Christie’s Old Masters auction on Wednesday fetched a $54.3m with fees, the highest total for a New York sale in the category in more than a decade. One of Artemisia Gentileschi’s earliest self-portraits sold for a record $5.7m during its auction debut. Depicted as Saint Catherine of Alexandria, Gentileschi painted herself holding a martyr’s palm leaf and wearing a crown and royal robes with a peek of a spiked wheel behind her. The winning bid far exceeded the painting’s $2.5m to $3.5m estimate, and also surpassed the previous record for a Gentileschi work at auction, €4.8m at an Artcurial Paris sale in 2019.
Also during Wednesday’s sale at Christie’s, Canaletto’s Venice, the Bucintoro at the Molo on Ascension Day (around 1754) sold for $30.5m with fees. A different painting of the same view of the Venetian Lagoon broke the artist’s record at auction in July when it sold for £31.9m at Christie’s London.
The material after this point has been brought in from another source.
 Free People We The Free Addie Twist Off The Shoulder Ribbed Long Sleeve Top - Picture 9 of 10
During Christie’s Old Master and British Drawings sale on Thursday, a miniature drawing of a foot recently attributed to Michaelangelo sold for a record-breaking $27.2m with fees. The five-inch red chalk drawing is believed to be a study for the Sistine Chapel and is fresh to market, which likely helped it hop well above its $2m high estimate. The consignor is located in Northern California, and the drawing has been in his family since the late 18th century. The previous record for a drawing by Michelangelo was €23.2m with fees, set at Christie’s Paris in 2022.
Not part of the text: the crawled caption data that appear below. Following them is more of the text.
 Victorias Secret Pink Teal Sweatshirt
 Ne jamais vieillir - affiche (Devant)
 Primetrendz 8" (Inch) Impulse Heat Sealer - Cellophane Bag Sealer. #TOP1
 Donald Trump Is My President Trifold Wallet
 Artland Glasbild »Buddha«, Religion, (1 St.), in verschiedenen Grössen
Rembrandt, Young Lion Resting Courtesy Sotheby’s
One of the buzziest lots of the week was Rembrandt’s Young Lion Resting, a small chalk drawing that sold at Sotheby’s New York on Wednesday for $17.8m will fees. The drawing hammered at $15m—on the low end of its estimate range—but is still the highest price ever fetched for a Rembrandt drawing at auction. The work was consigned by Thomas S. Kaplan and Daphne Recanati Kaplan. The billionaire and his wife have built the largest privately-owned collection of Rembrandts in the world, and Young Lion Resting was the first work by the artist the couple acquired. All proceeds from the sale will go toward Panthera, the Kaplans’ charity for wild cats. The work is the last of six known drawings of lions by Rembrandt in private hands. Others are in the Musée du Louvre in Paris, the Rijksmuseum in Amsterdam, the Museum Boijmans Van Beuningen in Rotterdam, and two in the British Museum. In his newsletter The Gray Market, Tim Schneider reported the drawing was purchased by Dutch dealer Salomon Lilian “on behalf of a big collector”.
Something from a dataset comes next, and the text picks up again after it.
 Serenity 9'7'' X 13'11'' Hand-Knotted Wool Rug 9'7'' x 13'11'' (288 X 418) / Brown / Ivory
A rare Hebrew illuminated manuscript, dating back to 15th-century Vienna, sold for $6.4m at Sotheby’s on Thursday. Called the Rothschild Vienna Mahzor, the book of High Holiday prayers was acquired by the famed banking family it was named for in 1812 in Nuremberg and was passed down through generations of the family. However, the manuscript was seized during the Holocaust and sent to the Austrian National Library where, according to Sotheby’s, it was unrecognised as Nazi loot. The mahzor only resurfaced publicly in 2021 when it was loaned for an exhibition dedicated to the Viennese branch of the Rothschilds—the family hadn’t even known the manuscript was in the library. The Austrian government voluntarily restituted the mahzor last year after researching its provenance, setting the stage for its appearance at auction.